Last week I was ill. So my parents decided to pay me a surprise visit. How blessed am I? 😀
Having my entire family around- my kids, husband, parents-in-law, and now, my parents not only contributed to having a soothing effect on my recovery but also made me feel incredibly loved.
Both, my mother and mother-in-law are excellent cooks. Observing their interactions in the kitchen served as an excellent opportunity to learn a thing or two about curiosity. My mom-in-law CURIOUSLY inquired from my mom the recipe of a dish before preparing it. I found myself awestruck as she intently listened as my mom listed out the ingredients of the recipe for the first time. If an ingredient she had never used was mentioned, she would gracefully accept the suggestion.
Just for context, my mom-in-law is 75 years old and has been independent right from the age of 16. She got married at 18 and has been cooking ever since.
Curiosity in Cooking Leads to Lessons in Coaching
While overhearing them, I felt this conversation was a win-win for both, my mom and mom-in-law. While mom-in-law learned about a new ingredient, it was a special moment for my mom to be able to share a recipe that is dear to her. You see, this recipe was handed down to her by her mother.
I could closely relate this situation from the perspective of a coach:
- The coach must be accustomed to having a “not knowing” approach. This empowers the client to open up. In the above example, if my mother-in-law had shown the slightest possibility of knowing the recipe, my mother would have felt like her cooking skills were being put to the test. It’s likely she’d have felt that my mother-in-law’s intent was not to learn a new recipe.
- By being fully present, where the ego is absent. When a question is asked with genuine curiosity, it will land well on the ears of the person being asked. They will feel safe to answer in the absence of ego.
- The body language of the coach while displaying curiosity: Curiosity can be misunderstood for judgment. A lot of communication depends on body language as well. Curiosity comes from a place of “not knowing”. Judgment comes from the assumptions of “knowing it all”.
- The TONE of a question also helps communicate whether it is genuinely being asked out of curiosity or not. If a humble tone is not used, it can be disempowering and ultimately the client holds back from opening up.
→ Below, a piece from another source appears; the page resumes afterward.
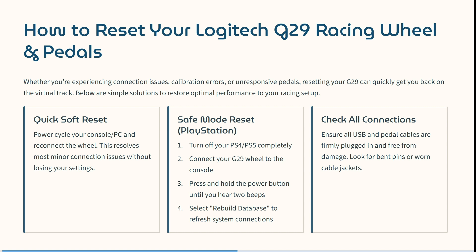Quick soft reset — the first step. Power cycle your console or your PC and then reconnect the wheel. This will resolve most minor connection issues without losing any of your settings.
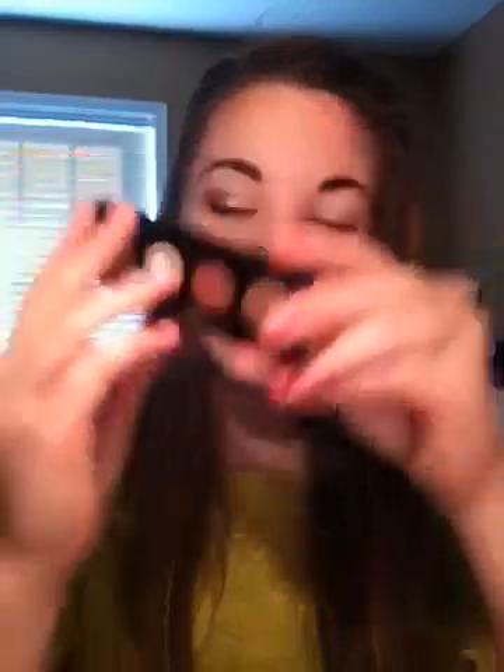I already primed my eyelids. Next I'm taking this creamy white from my Revlon Copper Canyon quad — any creamy white base will do — and I'm just going to take that and run it all the way over my lid. This is going to create a really pretty shimmery base.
So what did I learn from watching the moms cook that you can apply to your coaching practice?
- Be a curious learner
- Be non-judgemental
- Be a generative listener
I’m convinced that constantly growing in curiosity helps empower a person. One can master the art of curiosity and still have scope for improvement.
What do you think?
Share your story of being curious and how it helps you and others you are conversing with.